The panel consisted of Judges Karen LeCraft Henderson, Doug Ginsburg and Merrick Garland. Each side was given 15 minutes. Kirby spent much of his time describing how the statute is unconstitutionally vague and imposes “a virtually impossible burden” on the NAM with the possibility of criminal sanctions for violations. Criminal statutes must be clear so that potential defendants know how to comply. He explained the difficulty of knowing how a government prosecutor will evaluate intent to violate the statute since there is no objective bright-line rule defining “active participation” in lobbying activities. It is impossible to know whether the intent of a member company is to engage in efforts in support of lobbying contacts when that company’s employees participate in NAM meetings, teleconferences or other activities. The vagueness of the statute is particularly problematic for an organization like the NAM that holds over 100 meetings a month and that has nearly 11,000 companies as members. The statute produces strong pressure to over-report, and the NAM cannot tell its members what kinds of activities will or will not qualify as active participation.
Judge Garland asked about the exception for listing the entire membership on an Internet site, but Kirby explained the confidential nature of the NAM’s membership, and the problems of complying with the alternative, which requires quarterly disclosure of different lists of members depending on the level of participation and whether dues or similar amounts are paid during the quarter. He said that the statute produces a “patchwork and virtually random” disclosures that do not satisfy any compelling governmental interest. There is no more central interest in the First Amendment that the statute infringes upon: the efforts of people to engage in petitioning the government for redress of grievances.
Judge Ginsburg asked whether there is any harm in over-reporting the names of members who participate in the NAM’s lobbying activities, and Kirby responded that that would deter members from participating at all.

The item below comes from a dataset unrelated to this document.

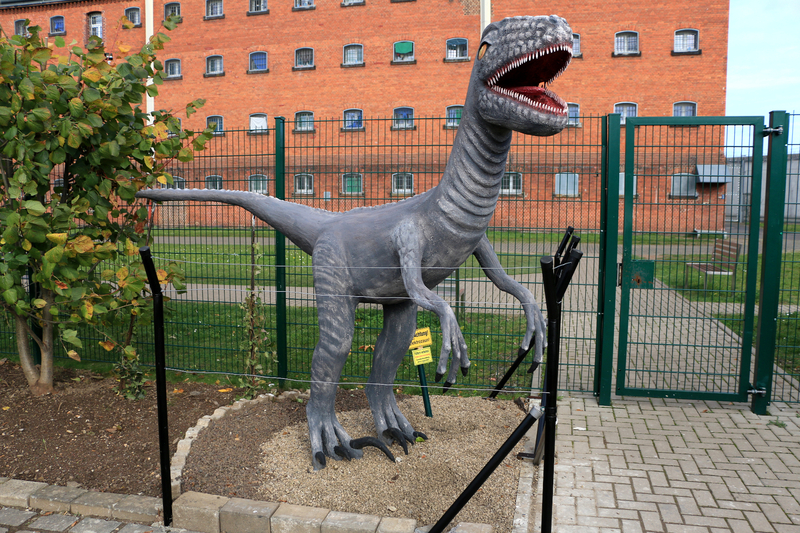 Dinosaurier - Eingezäunt in der JVA Siegburg.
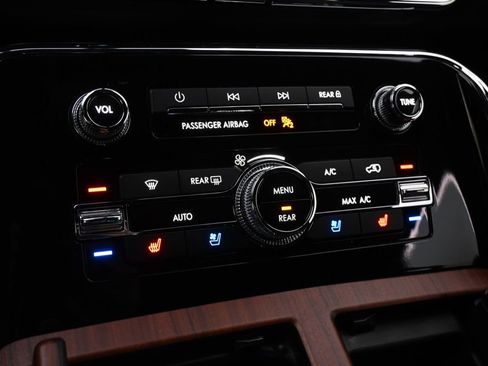 Used 2023 Lincoln Navigator Reserve AWD/4WD image 31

A narrow construction of the statute’s requirements would help companies adjust their level of participation and would help the NAM advise members and structure their activities to try to minimize the impact on their First Amendment rights. Judge Ginsburg also asked whether “active participation” is a redundancy, which led to a discussion at the heart of the vagueness issue. Only one other court accepted the term in another context, only because it was clarified in 3,000 adjudications over its meaning.
Two government attorneys, Nicholas Bagley and Thomas Caballero, argued on behalf of the U.S. Attorney’s office and the Clerk of the House and Secretary of the Senate. Bagley argued that the statute bears a substantial relationship to the government interests of good government, confidence in government officials, and identifying the real parties behind group lobbying efforts. He said the NAM has no evidence that companies have been retaliated against for being involved in NAM lobbying [although the record was closed before any reports were filed]. He downplayed the possibility of liability arising from an “honest mistake,” and pointed to the guidance provided by the House and Senate regarding “active participation.” Judge Garland replied that the guidance is not binding, and Judge Ginsburg noted that the guidance was not voted on and was released after the statute was on the books. Bagley stated that the U.S. Attorney can “freelance” by bringing suits even where the House and Senate have not referred cases of noncompliance to be prosecuted, but that he is “unlikely” to disagree with the House and Senate guidance.
Caballero downplayed the breadth of the statute, saying that it only requires reporting of companies that participate in the “planning, supervising and controlling” of lobbying activities. He noted that the House and Senate do not issue advisory opinions, nor do they have any preclearance mechanisms.
It is of course difficult to read the tea leaves on how the court will resolve this case. The judges did not ask any tough questions of the government lawyers, but seemed genuinely interested in the difficulties of compliance. There were several other key issues raised in the briefs but not discussed at length in the oral argument, relating to the standard of review, the government’s interest in lobbying disclosure, the burdens on First Amendment rights, and whether the law is effective and narrowly tailored to achieve legitimate objectives. We expect a decision in the next several months.